Welcome to our dedicated page for Royal Bk Can SEC filings (Ticker: RY), a comprehensive resource for investors and traders seeking official regulatory documents including 10-K annual reports, 10-Q quarterly earnings, 8-K material events, and insider trading forms.
Royal Bank of Canada (RY) files as a foreign private issuer with the U.S. Securities and Exchange Commission, and this page aggregates its SEC filings alongside AI-powered summaries. RBC submits annual disclosure on Form 40-F and furnishes interim information on Form 6-K, giving investors structured access to its financial reporting, capital markets activity and other regulatory communications.
RBC’s Form 40-F annual reports, which incorporate its annual report and independent auditor’s report as exhibits, provide comprehensive financial statements and management discussion and analysis. These filings help investors understand the bank’s diversified business model across personal and commercial banking, wealth management, insurance, corporate banking and capital markets services.

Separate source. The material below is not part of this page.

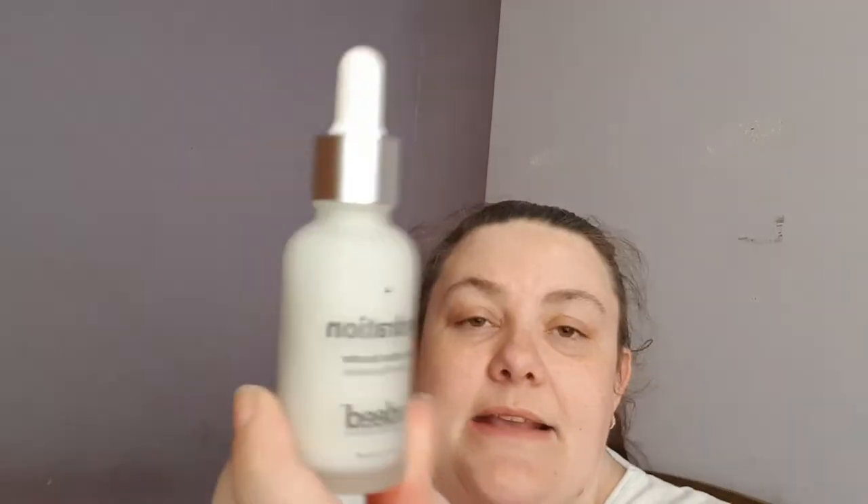The next item is by Indeed Laboratories and it's the Hydration Booster featuring niacinamide. You apply two to three drops to a cleansed face in AM and PM, either directly to skin or mixed with your preferred serum or moisturiser. It's a blend of hydrating actives designed to restore vital moisture loss beneath the skin surface, treating both surface and sub-surface level hydration, improving moisture levels, smoothing skin, increasing suppleness, and minimising fine lines and wrinkles. Sounds like an all-round good product — I'll definitely give that a go.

Through Form 6-K current reports, Royal Bank of Canada furnishes quarterly earnings releases, annual reports, independent auditor’s reports and details on securities offerings. Recent 6-Ks describe the issuance of Senior Global Medium-Term Notes, Series J, with various maturities and interest structures, as well as non-viability contingent capital (NVCC) Additional Tier 1 Limited Recourse Capital Notes. These documents outline key terms of the notes and include legal and tax opinions from external counsel.
Because RBC’s securities, including certain capital instruments, are registered with the SEC, its filings also reference shelf registration statements on Form F-3 and the incorporation of specific 6-K exhibits into those registration statements. This allows investors to trace how individual note offerings and capital issuances fit within the bank’s broader funding framework.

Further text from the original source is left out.